Cette situation critique découle surtout d'une conjoncture extérieure, mais les conséquences sont liées à la culture politique de Terre-Neuve. Il y a d'abord la classe marchande qui, dans son ensemble, doute de la pertinence d'un gouvernement démocratique, et ce, depuis les années 1830. Pour les marchands, cette forme de gouvernement, improductive et fastidieuse, coûte cher. Elle donne également le pouvoir à des gens sans éducation et sans expérience. Elle incite des hommes politiques sans scrupule à acheter des votes. De plus, elle privilégie, selon certains, la corruption et le favoritisme politique, sans parler des antagonismes sectaires. Ils sont nombreux à estimer qu'un gouvernement responsable est un désastre et non un bienfait. L'aggravation de la crise au début des années 1930 et la possibilité que le gouvernement manque à ses engagements inquiètent énormément les marchands pour qui la stabilité financière est fondamentale. Ils discutent d'une abrogation de la constitution et de la mise en place d'une commission chargée de remettre de l'ordre dans la gouvernance. L'abolition du gouvernement responsable est peu chère payé pour préserver la stabilité financière.
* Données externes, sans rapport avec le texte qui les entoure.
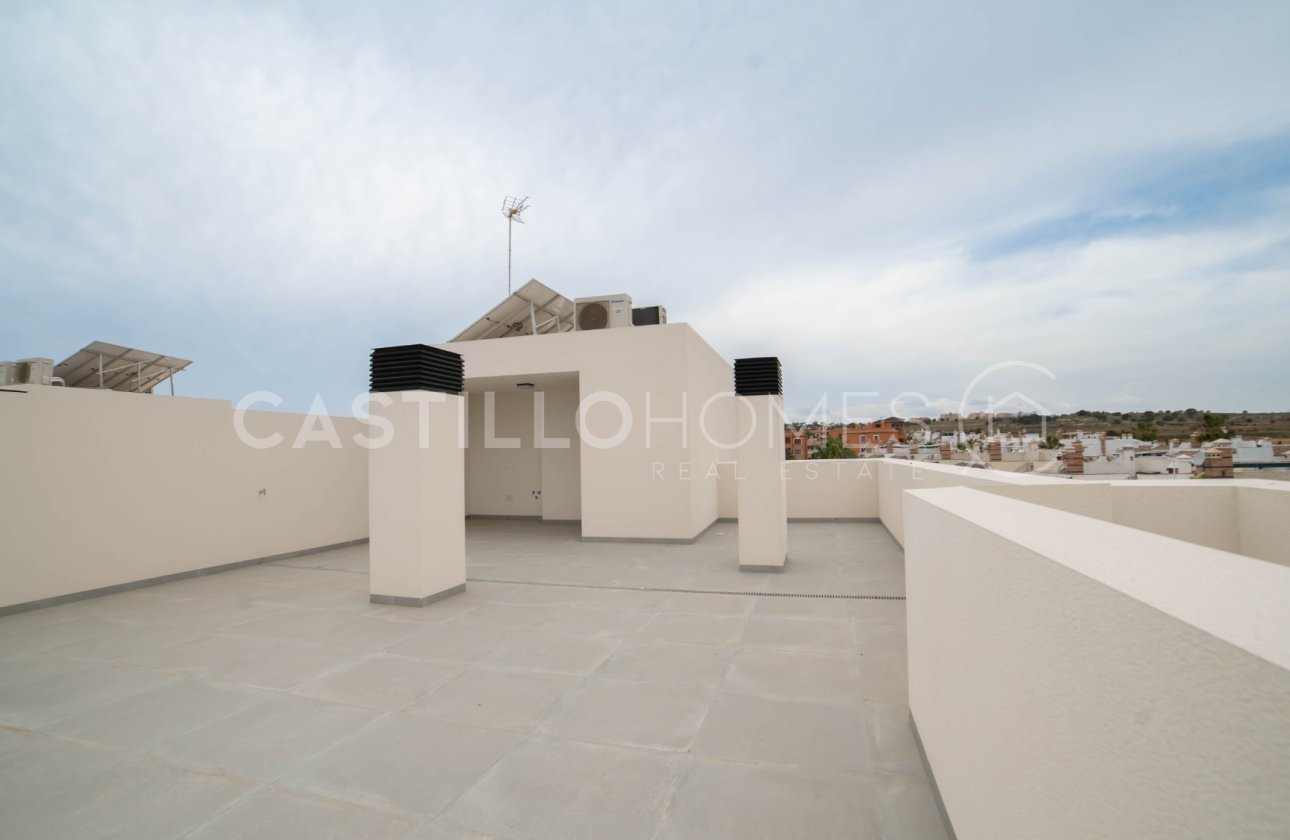 Resale - Apartment / flat - Orihuela Costa - Villamartín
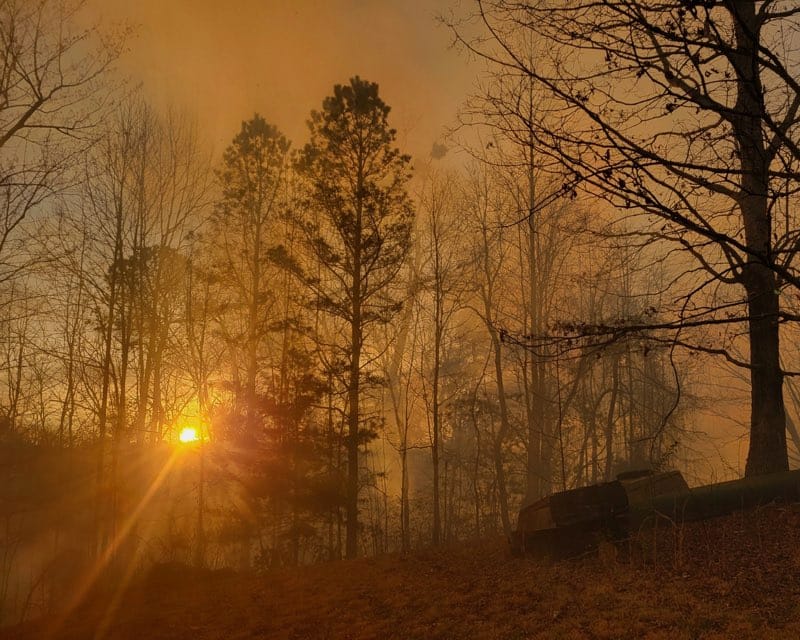 Forest Grove District firefighters return from North Carolina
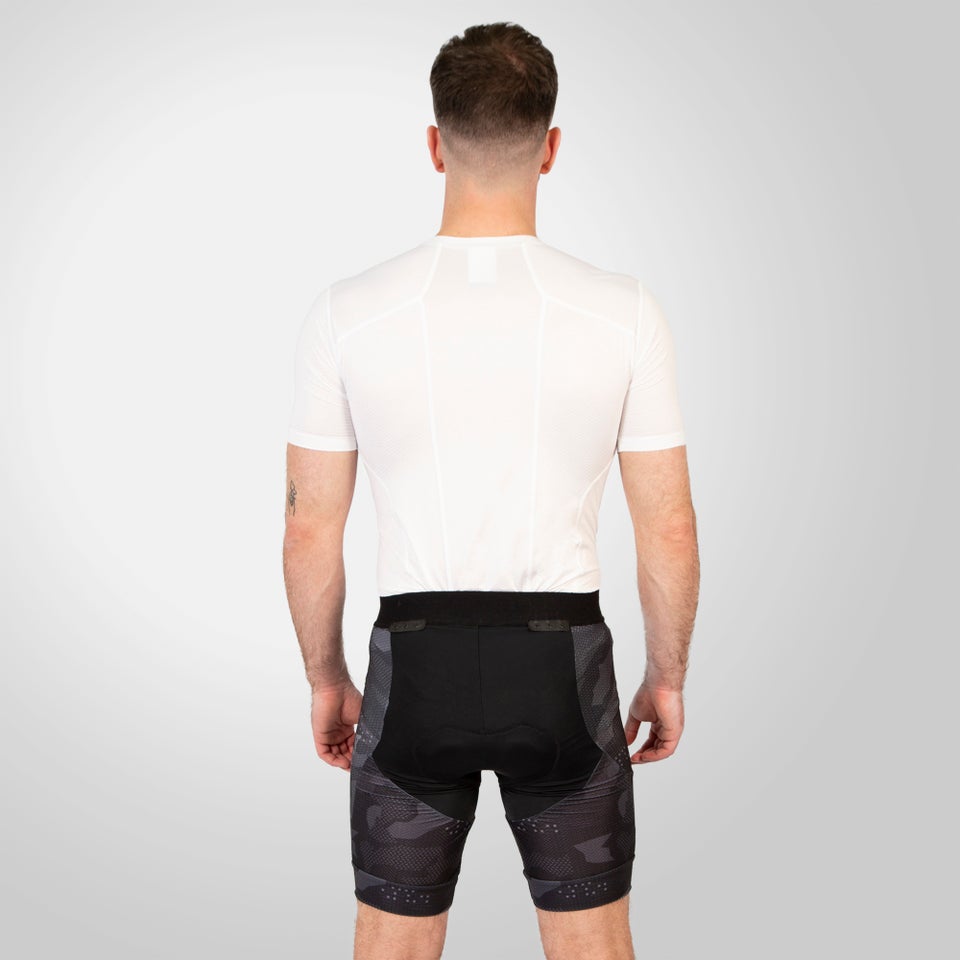 Men's SingleTrack Padded Liner Shorts - Black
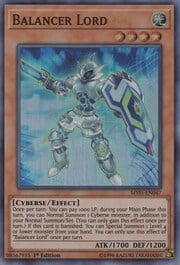 Balancer Lord · Super Rare 047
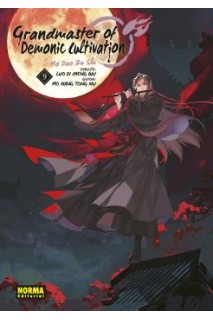 Grandmaster Of Demonic Cultivation (Mo Dao Zu Shi) 09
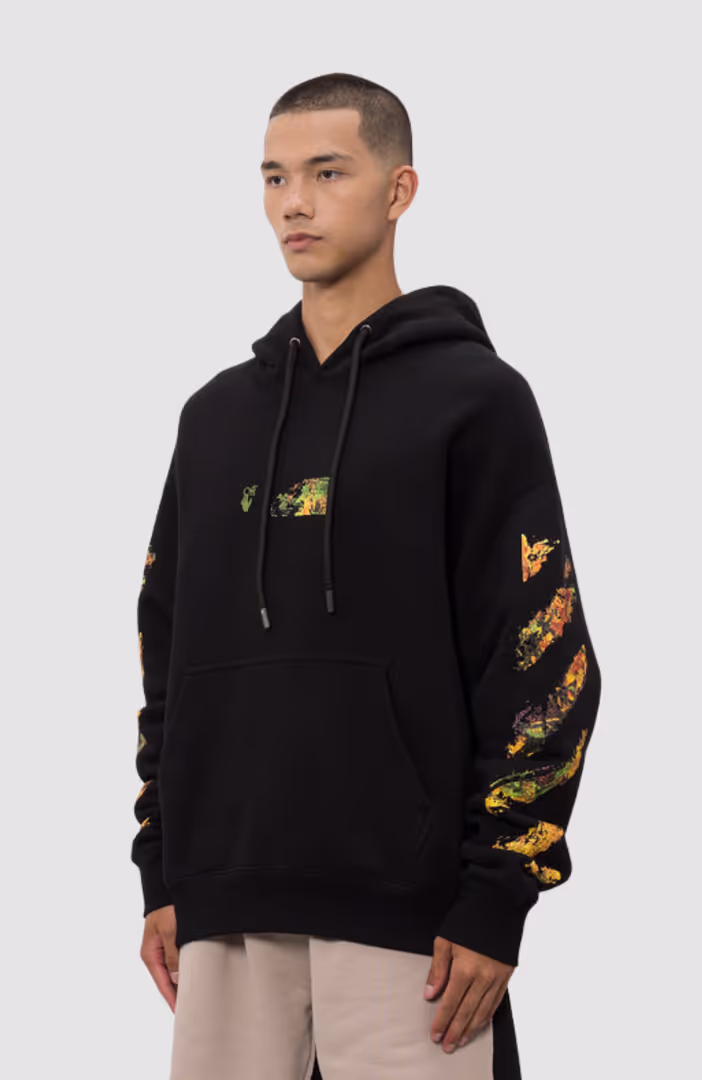 Spices Arrow Skate Hoodie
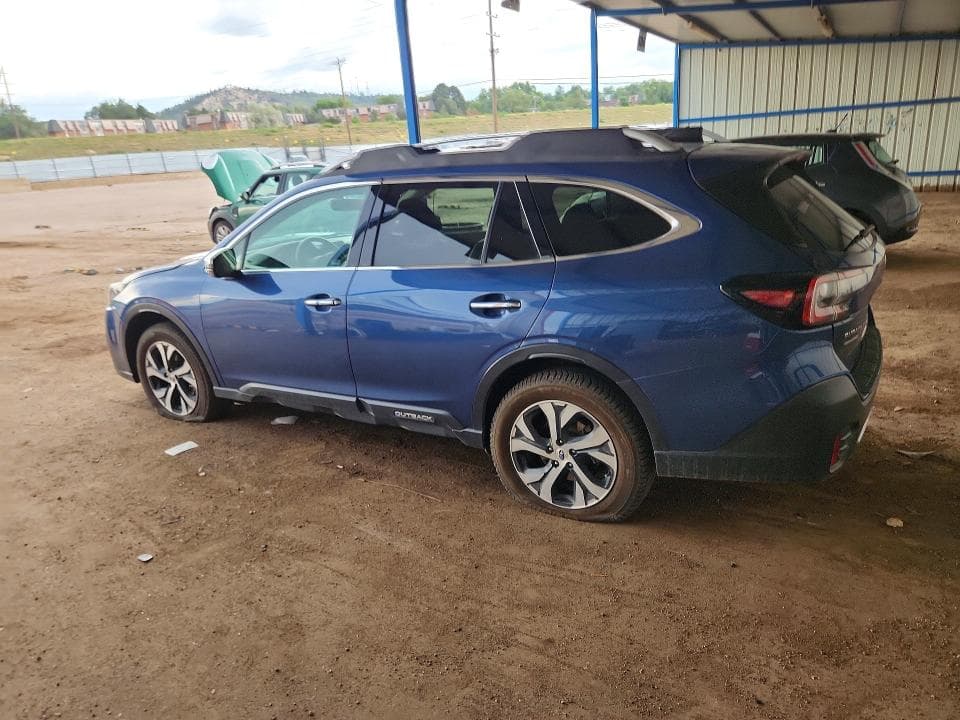 2020 SUBARU OUTBACK TOURING LDL 2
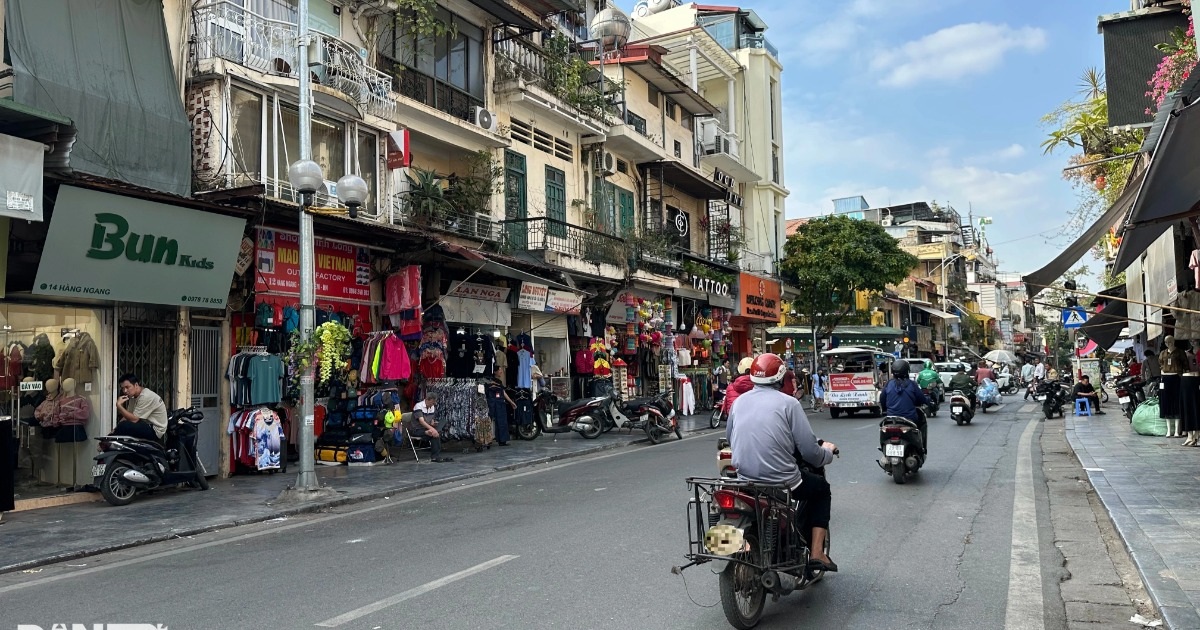 Hanoi announces adjusted land price list, highest is over 695 million VND/m2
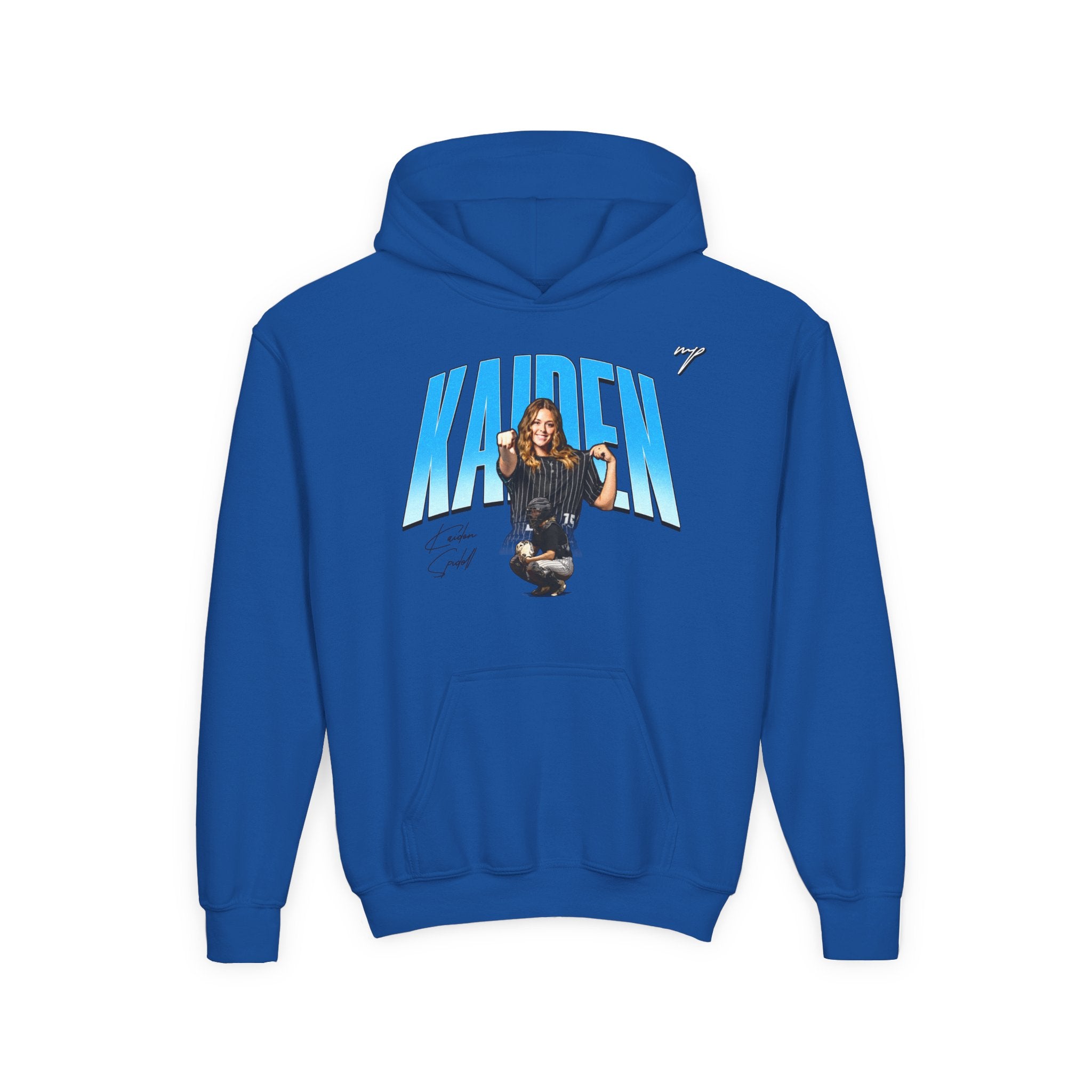 Kaiden Spidell YOUTH Hoodie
265-281, rue Water (Bowring Brothers, Ltd.), St. John's, s.d.
265-281, rue Water (Bowring Brothers, Ltd.), St. John's, s.d.
Les marchands jugent qu'un gouvernement responsable est improductif, fastidieux et coûte cher.
Avec la permission de la Division des archives et collections spéciales (Coll-137, Photo 2.01.017), bibliothèque Queen Elizabeth II, Memorial University of Newfoundland, St. John's, T.-N.-L.

Pour de nombreux citoyens, cette solution pour le moins radicale semble plausible et opportune. Le comportement de dirigeants politiques incapables de maîtriser la crise qui se généralise après 1918 bafoue l'essence même d'un gouvernement responsable. L'instabilité politique caractérise les années 1920. Des gouvernements durent à peine quelques jours au gré d'alliances et de défections qui provoquent leur renversement. La classe politique de Terre-Neuve n'est pas davantage corrompue qu'ailleurs, mais des détournements de fonds entretiennent l'idée que le dominion doit mettre un terme à toutes formes de malhonnêteté. Au début des années 1930, toutes les couches de la population considèrent qu'il faut changer de système politique.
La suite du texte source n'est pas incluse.